Exercise data:
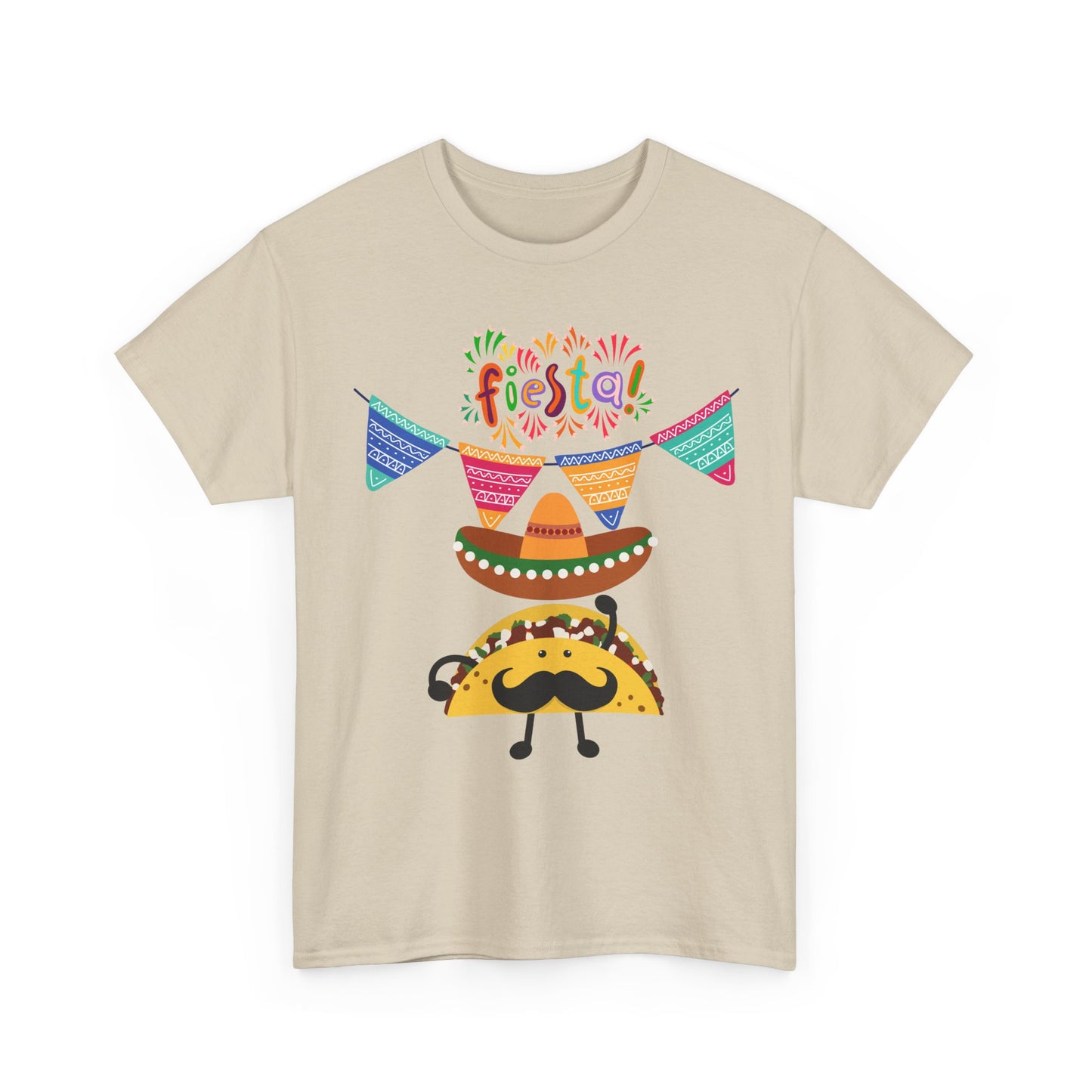 Fiesta Taco Party Tee, Taco Lover Gift, Celebration Apparel, Party Wear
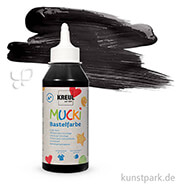 MUCKI Bastelfarbe für Kinder 250 ml | Schwarz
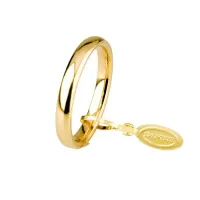 Picture Italian classic gold wedding ring 3mm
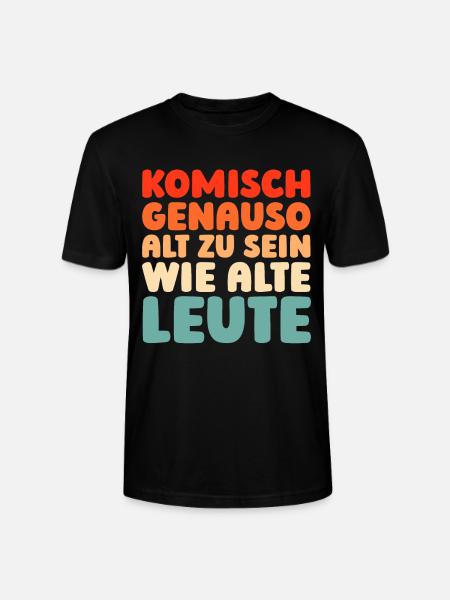 Pensioner Pension Funny Languages - Stanley/Stella CRAFTER Unisex Organic T-Shirt - black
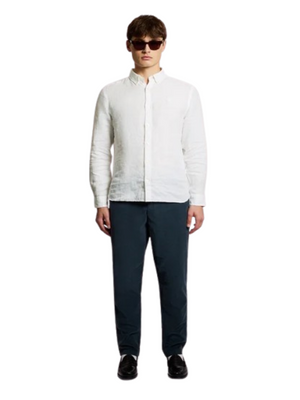 Lyle & Scott Camicia m/l Uomo Mod. LW2445V LINO 626 Bianco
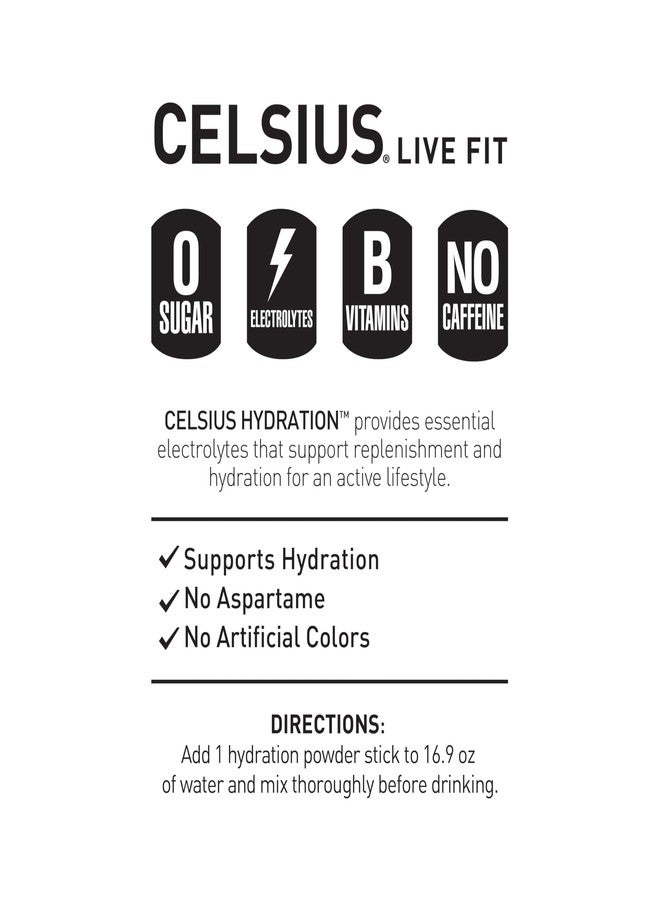 CELSIUS Hydration™ Lemon Lime, Sugar Free Electrolyte Hydration Drink Mix (Pack of 14) - Image 4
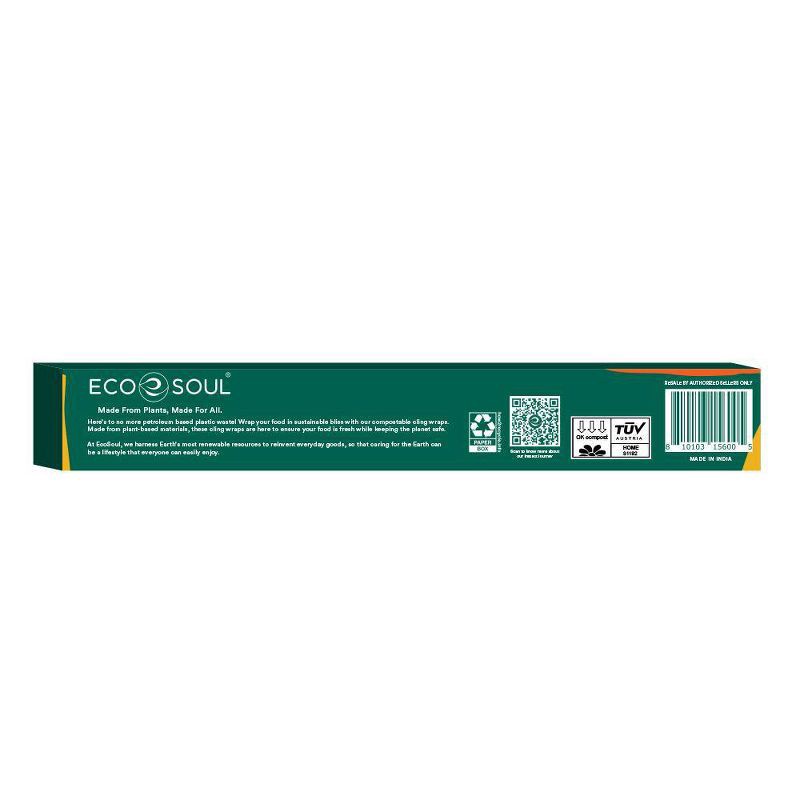 slide 3 of 9, EcoSoul Home Compostable Cling Wrap - 100 sq ft, 100 sq ft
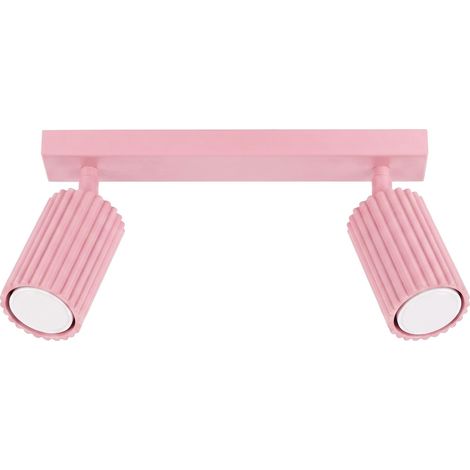 Plafoniere Karbon rosa 30x16.5x6.5cm Alluminio Sollux (1/5)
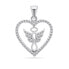 Фото #1 товара Romantic pendant made of white gold with zircons PT20WAU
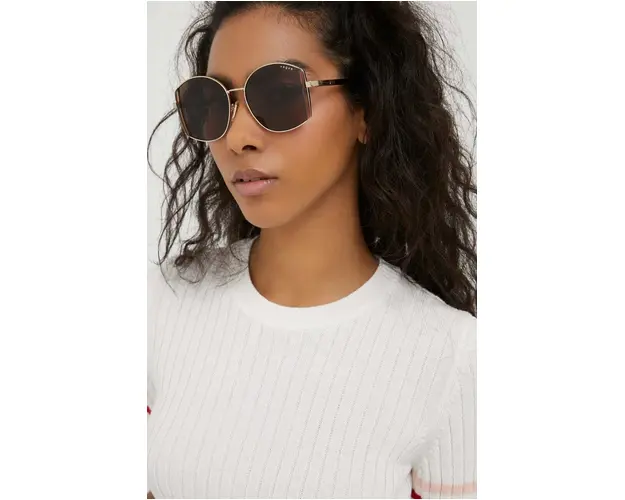 VOGUE ochelari de soare femei, culoarea maro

What you are asked to do: Pictures must not appear in the copy, and every record must be restated word for word.

Output for this exercise:
 Fiesta Taco Party Tee, Taco Lover Gift, Celebration Apparel, Party Wear
 MUCKI Bastelfarbe für Kinder 250 ml | Schwarz
 Picture Italian classic gold wedding ring 3mm
 Pensioner Pension Funny Languages - Stanley/Stella CRAFTER Unisex Organic T-Shirt - black
 Lyle & Scott Camicia m/l Uomo Mod. LW2445V LINO 626 Bianco
 CELSIUS Hydration™ Lemon Lime, Sugar Free Electrolyte Hydration Drink Mix (Pack of 14) - Image 4
 slide 3 of 9, EcoSoul Home Compostable Cling Wrap - 100 sq ft, 100 sq ft
 Plafoniere Karbon rosa 30x16.5x6.5cm Alluminio Sollux (1/5)
 Фото #1 товара Romantic pendant made of white gold with zircons PT20WAU
 VOGUE ochelari de soare femei, culoarea maro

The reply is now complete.